I used to draw and paint, and I was doing it quite successfully. The shift between mediums of expression came gradually. Soon after I finished my MA from Delhi, in 1993, I stopped painting, which was somewhat suicidal because I had had a ‘successful’ solo show, won some awards and the works were even selling. But I knew I had problems with my work and I was afraid of complacency setting in, among other things. So I felt I needed to stop painting and yet find ways to continue working. I was questioning myself but my questions were clumsy because I was not armed with a discourse. It took a while to find some clarity.
It was at this point that I went to England – I had won a scholarship to the Royal College of Art in London. It was 1997 and I had bought my first ‘serious’ camera. I remember I stepped into the painting department, smelt the oil paint and said, "That’s it, I’m not going to be painting here". I felt I needed to begin at the beginning and at the same time to hide from the world most of the time. So the darkroom there became a good space for me.
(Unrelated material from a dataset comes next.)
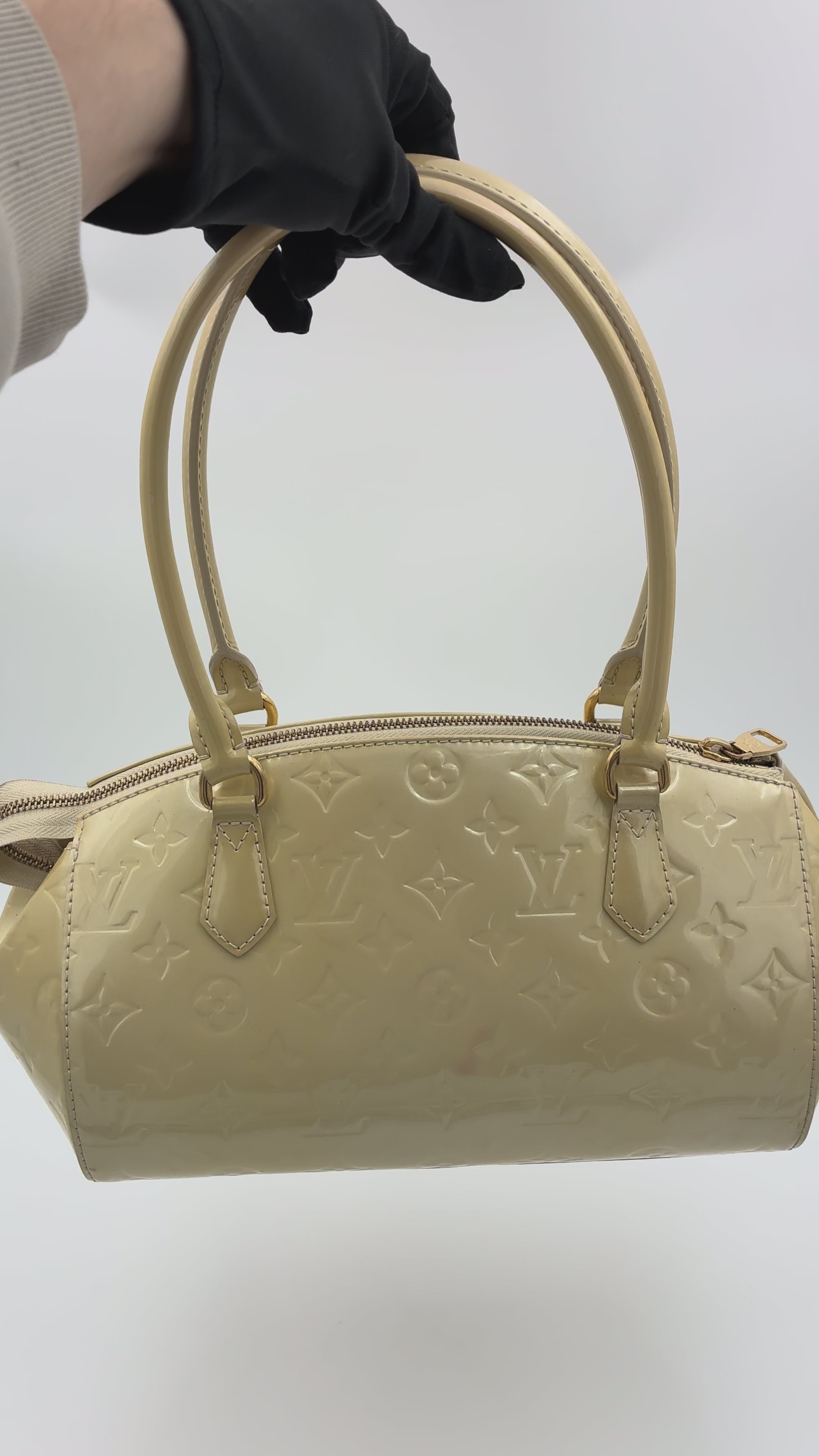 Preloved | Louis Vuitton Monogram Vernis Sherwood PM Håndtaske i Beige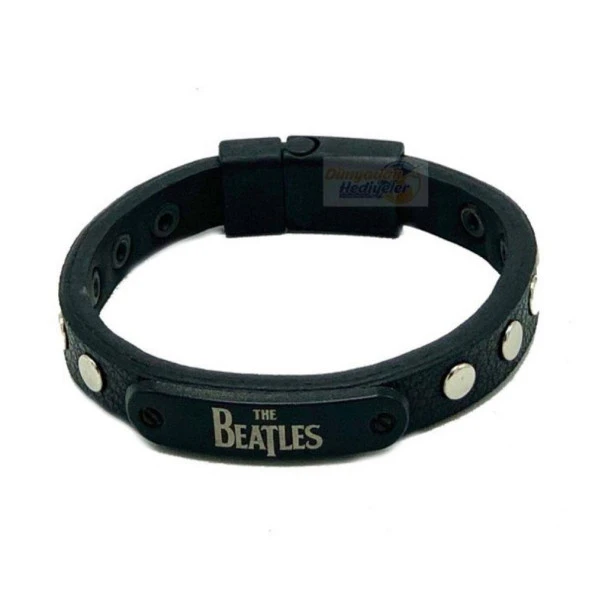Beatles Figürlü Unisex Deri Çelik Bileklik ürün görseli 1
Prior to coming to Royal College of Art, I had become increasingly aware of the materiality of my own body vis-à-vis my practice, and the need to invest this in the work. As a natural extension of this, I began photographing myself. Soon after I moved on to video. The elements of time and duration felt important and video was a more ready medium to explore those things. However, it took me three or four years to feel comfortable with it.
I have performed in different ways and in many places, sometimes with a camera and sometimes without, but the point has rarely been to frame it as a performance or invite an audience to see something. To an extent I was, investigating the audience which became a part of what the camera was picking up. I feel equally involved with several ways of making art and prefer to resist labels.
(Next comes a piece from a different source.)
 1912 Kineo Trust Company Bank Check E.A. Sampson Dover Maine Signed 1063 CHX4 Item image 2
I made Bird while I was still at the Royal College of Art in London, pursuing my Master’s degree between 1997 and 1999. The implications of being there were significant. My context, and its coordinates were changing rapidly, I had moved from Delhi to London and in my work, I had traversed paths from painting to making traces and marks, to an interim period of photography and then to the moving image. The first set of moving image works were very much to do with phenomenology and one’s body as a site of experience. At the time I was thinking about the enclosing nature of self-image and one’s need to strive for corporeal eloquence. Bird is essentially about being a body and is primarily about an encounter with failed flight.
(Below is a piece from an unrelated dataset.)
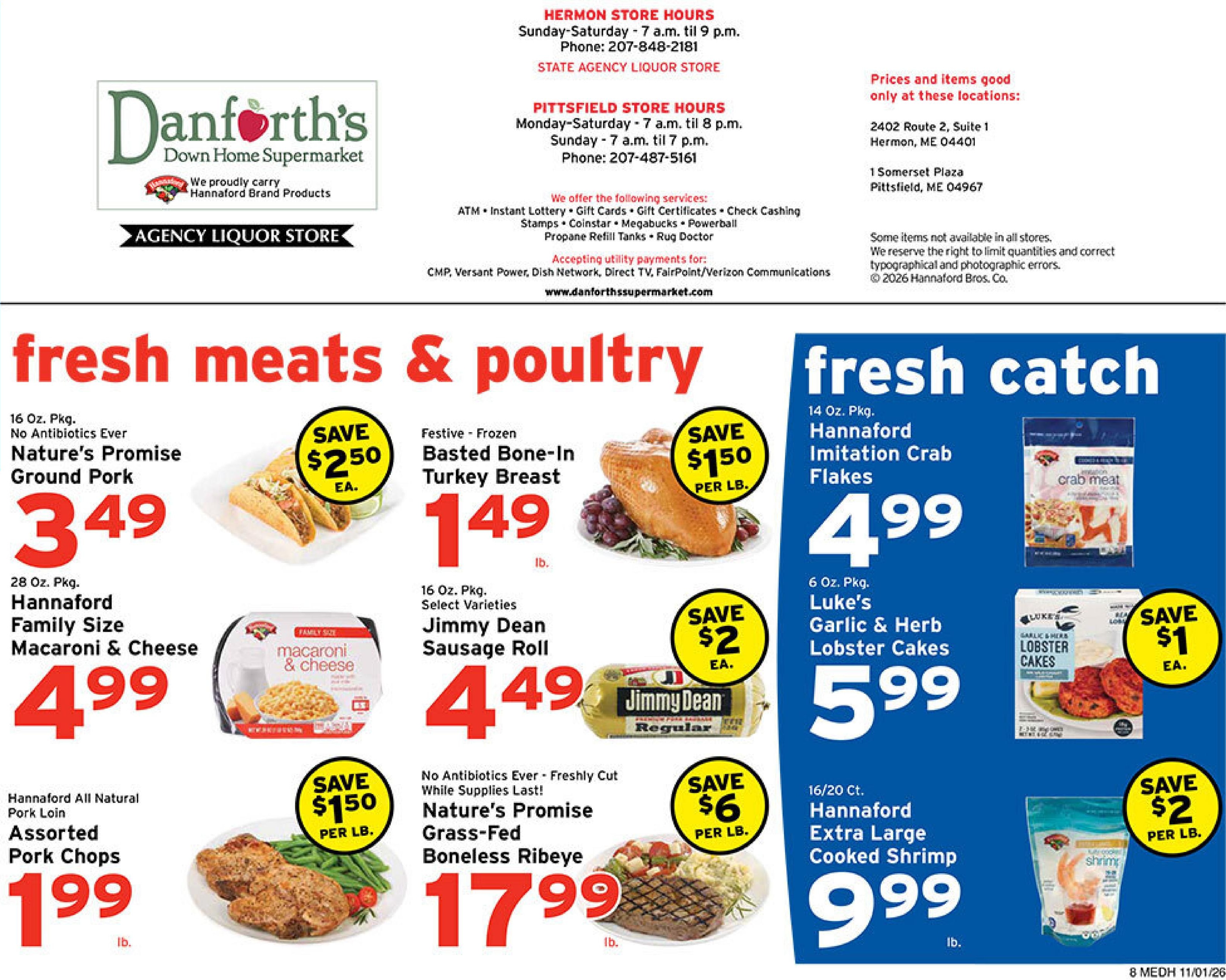 Danforth's Supermarket Weekly Ad November 1 - 7, 2026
If you ask me how I perceive cutting edge art, I will go with the straightforward meaning: State of the art, the highest level of development as of a device, technique, scientific field; the position of greatest advancement or importance; the forefront. I suppose I do cutting edge art [during the moment when I am feeling bright and optimistic and sparkling, which, mind you, is not all the time] and too much software does not turn me on [pun intended].
As you mentioned, I had done ‘sonic’ art and it was one of the first in this field. In the year 2000, Wailing Well seemed a stand-alone work, as there were not any other projects at the time that dealt with sound and sonic properties. Perhaps because of the context and manner in which it was installed and the emotional impulse it carried, Wailing Well is very well remembered by those who experienced it even today, eleven years later. And yet, ironically, it did not become a ‘curator’s pick’ work, nor has it been commissioned or collected by ‘cutting edge’ collectors.
Even today, I do not have any idea whether there are too many cutting edge collectors. Collecting in India still remains at a very nascent stage. Museums have a very long way to go, as we all know.